• EXERCISE BRIEF: Write the data out again exactly, with every picture removed.

Crawled caption data
****************************************
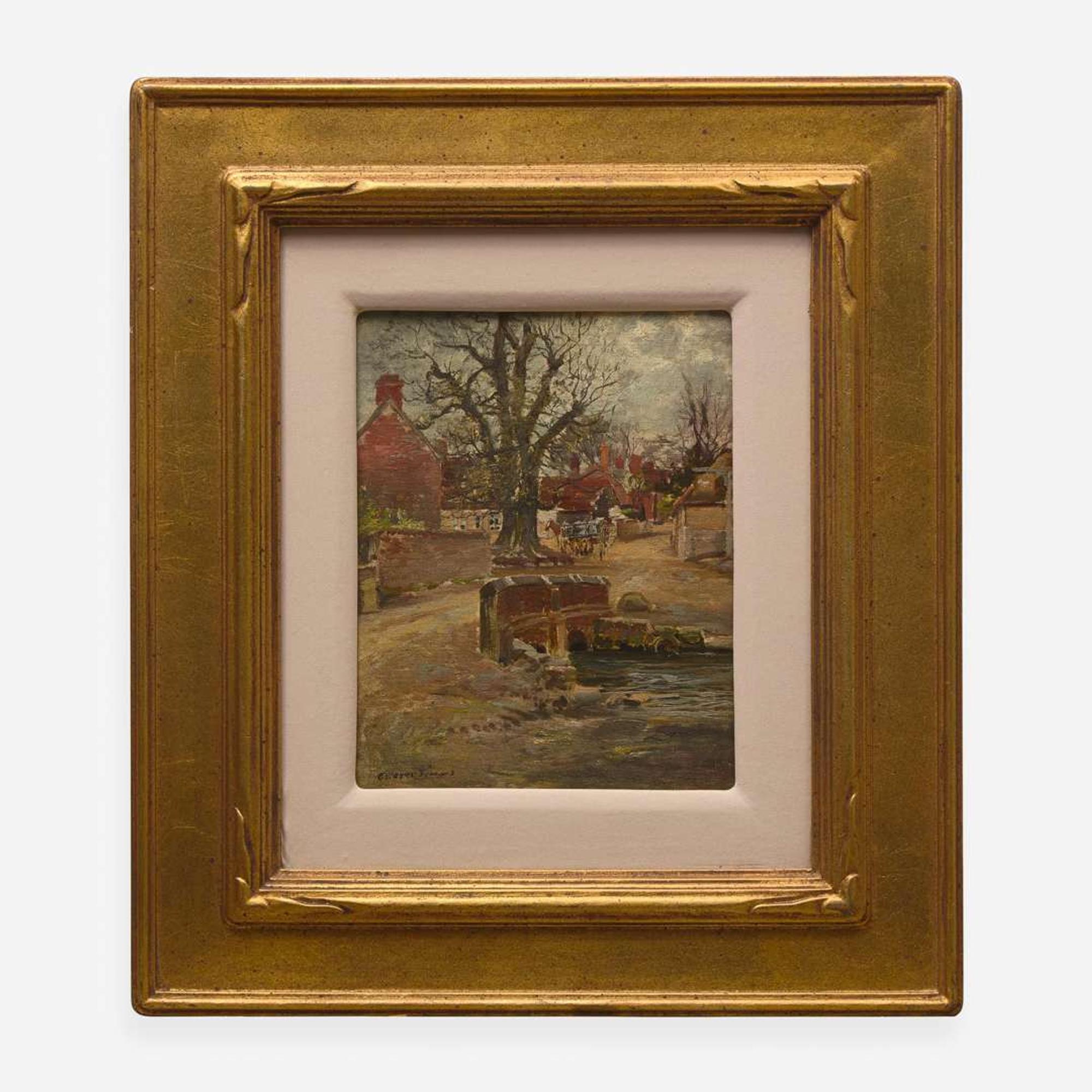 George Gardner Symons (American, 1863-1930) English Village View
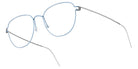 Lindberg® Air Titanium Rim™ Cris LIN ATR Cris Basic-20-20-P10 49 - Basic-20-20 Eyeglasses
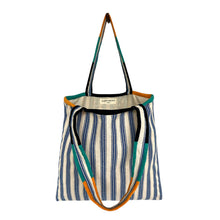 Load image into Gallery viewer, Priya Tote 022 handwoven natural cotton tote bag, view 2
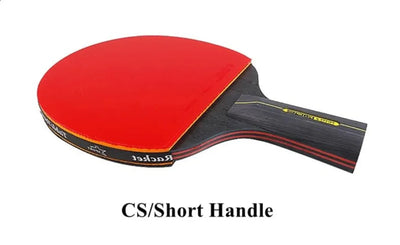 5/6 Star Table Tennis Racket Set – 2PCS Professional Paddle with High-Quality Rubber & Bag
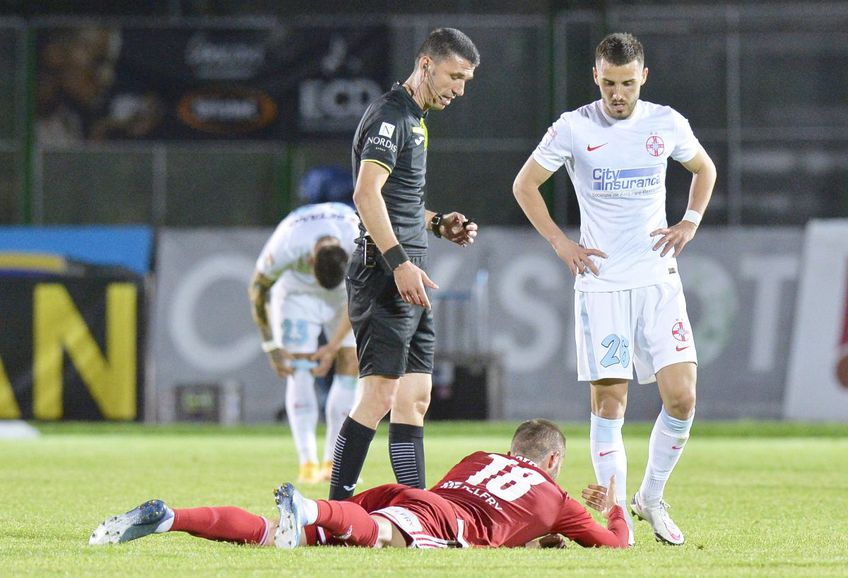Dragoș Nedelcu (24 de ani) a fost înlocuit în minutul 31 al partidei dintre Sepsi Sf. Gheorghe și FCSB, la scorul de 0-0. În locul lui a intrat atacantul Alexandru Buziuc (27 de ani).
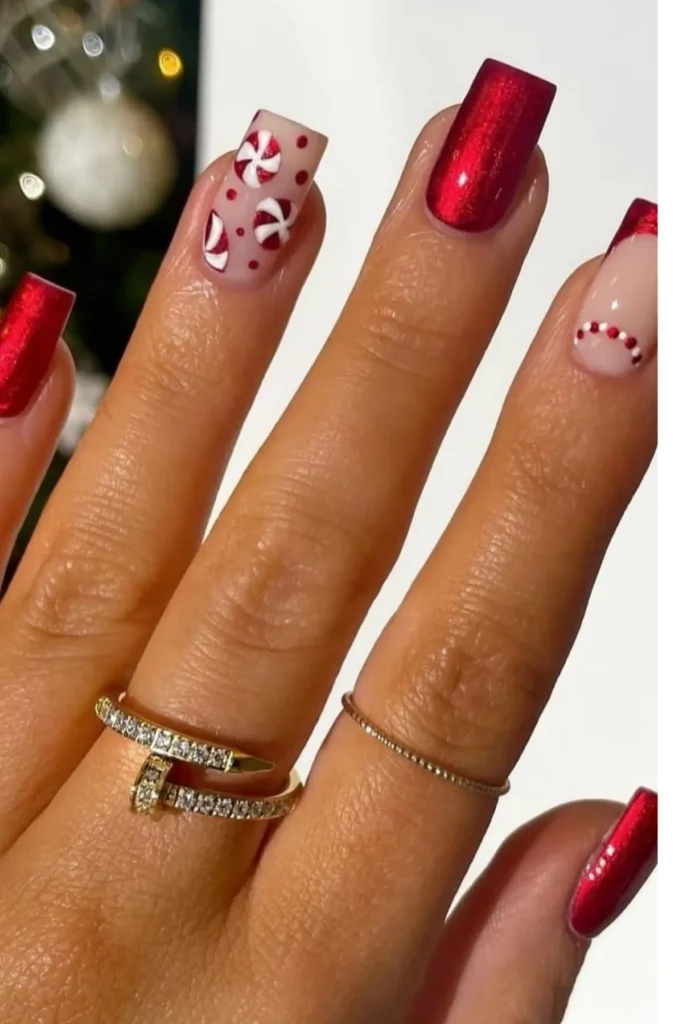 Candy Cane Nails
****************************************
• RESULT:
 George Gardner Symons (American, 1863-1930) English Village View
 Lindberg® Air Titanium Rim™ Cris LIN ATR Cris Basic-20-20-P10 49 - Basic-20-20 Eyeglasses
 Load image into Gallery viewer, Priya Tote 022 handwoven natural cotton tote bag, view 2
 5/6 Star Table Tennis Racket Set – 2PCS Professional Paddle with High-Quality Rubber & Bag
Dragoș Nedelcu (24 de ani) a fost înlocuit în minutul 31 al partidei dintre Sepsi Sf. Gheorghe și FCSB, la scorul de 0-0. În locul lui a intrat atacantul Alexandru Buziuc (27 de ani).
 Candy Cane Nails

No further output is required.